The strategy will vary depending on your end investment goal and its timeframe, your risk tolerance and how involved you want to be in choosing individual investments.
Many investors combine multiple strategies to find the best personalized strategy to fit their situation.
What's an investment strategy?
An investment strategy is a way of thinking that shapes how you select the investments in your portfolio. The best strategies should help you meet your financial goals and grow your wealth while maintaining a level of risk that lets you sleep at night. The strategy you choose may influence everything from what types of assets you have to how you approach buying and selling those assets.
If you're ready to start investing, a good rule of thumb is to ask yourself some basic questions: What are your goals? How much time until you retire? How comfortable are you with risk? Do you know how much you want to invest in stocks, bonds or an alternative?
This is where investment strategies come into play.
9 popular investment strategies
There are numerous ways to approach investing, and here are some of the more popular investing strategies to consider.
1. Start with a new or existing retirement account
One way to begin investing is through a retirement account. Open or access an individual retirement account, or IRA, through a brokerage account. Then choose investments that are aligned with your goals.
If you already have a retirement account through your employer, it's generally a good idea to contribute to that 401(k) first — and qualify for the company match — before you start funding your IRA. Employer match programs are free money you don't want to leave on the table.
However, you should know that most 401(k)s offer relatively few investment choices, so the options for strategy within those vehicles are usually limited. Whereas IRAs give you access to a more expansive world of investments than your 401(k) may offer.

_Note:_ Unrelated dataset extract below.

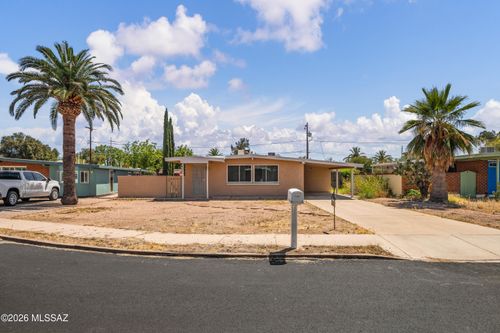 4928 E Adams Street, Tucson, AZ, 85712 | Card Image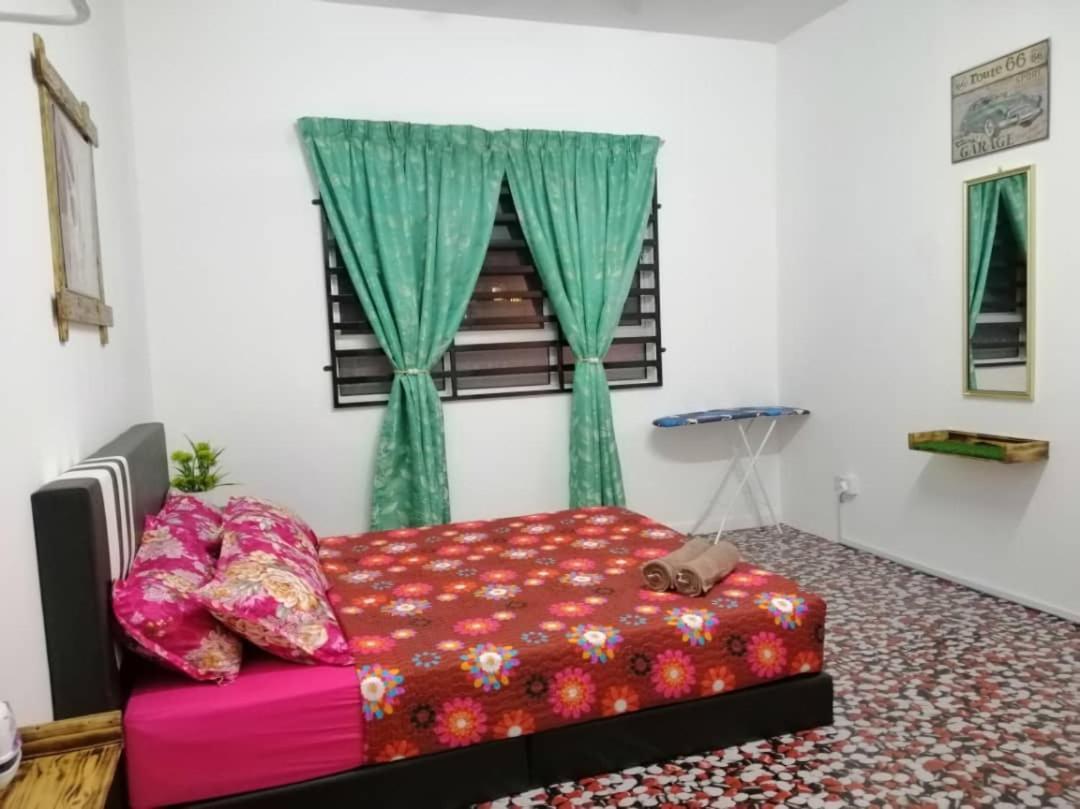 Homestay Camelia Kuala Terengganu - Seroja House Bagian luar foto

You can also trade through a brokerage account for long-term goals other than retirement.
» Need more direction? Read How to Invest at Any Life Stage
2. Buy-and-hold investing
It’s always nice when things have a clear label, and you can’t get much clearer than “buy and hold.” Buy-and-hold strategists seek investments they believe will perform well over many years. The idea is to not get rattled when the market dips or drops in the short term, but to hold onto your investments and stay the course. Buy-and-hold works only if investors believe in their investment’s long-term potential through those short-term declines.
This strategy requires investors to carefully evaluate their investments — whether they are broad index funds or a rising young stock — for their long-term growth prospects upfront. But once this initial work is done, holding investments saves time you would have spent trading, and often beats the returns of more-active trading strategies.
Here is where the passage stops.